Очищенный от ригоризма в отношении к самому себе, категорический императив совпадает с нравственностью ницшеанского сверхчеловека.
Г-н Франк формулирует поэтому настоящую сущность этики Канта таким образом: ‘Нравственный закон прежде всего требует, чтобы человек никогда не был рабом, хотя бы это было рабство у чужого страдания и слабости и собственной к ней жалости, чтобы человек не угашал своего духа, не отказывался от своих прав на беспредельное развитие и усовершенствование, хотя бы это был отказ во имя благополучия других людей и всего общества’ {Там же.
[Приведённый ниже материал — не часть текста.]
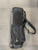 Used Callaway STS STAND BAG Mens Stand Bag Black 11614-S000237152 View 1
С. 123.}. Вполне очевидно, что сущность этой нравственной теории сводится к тому, что личность обладает безграничными правами и не знает никаких обязанностей. ‘Противоположение долга и ‘я’, — рассуждает далее г. Франк, — с этической точки зрения абсурд, так как долг есть законодательство ‘я» {Там же. С. 130.}. Личность, совершенно освобожденная от всякого нравственного долга по отношению к другим, должна, по мнению г. Франка, признать ‘дионисовское начало жизни’, заключающееся, как поясняет г. Бердяев, в нравственных принципах такого рода: ‘Человеческое ‘я’ развивается путем повышения жизни, и потому старый призыв ‘жить вовсю’ никогда не теряет своего значения. В человеке есть безумная жажда жизни, интенсивной и яркой, жизни сильной и могучей, хотя бы своим злом, если не добром. Это необычайно ценная жажда, и пусть она лучше опьяняет человека, чем отсутствует совсем. Это бог Дионис дает о себе знать’ {Там же. С. 130, 131.}. Таковы основные, главные принципы этической теории ‘идеалистов’.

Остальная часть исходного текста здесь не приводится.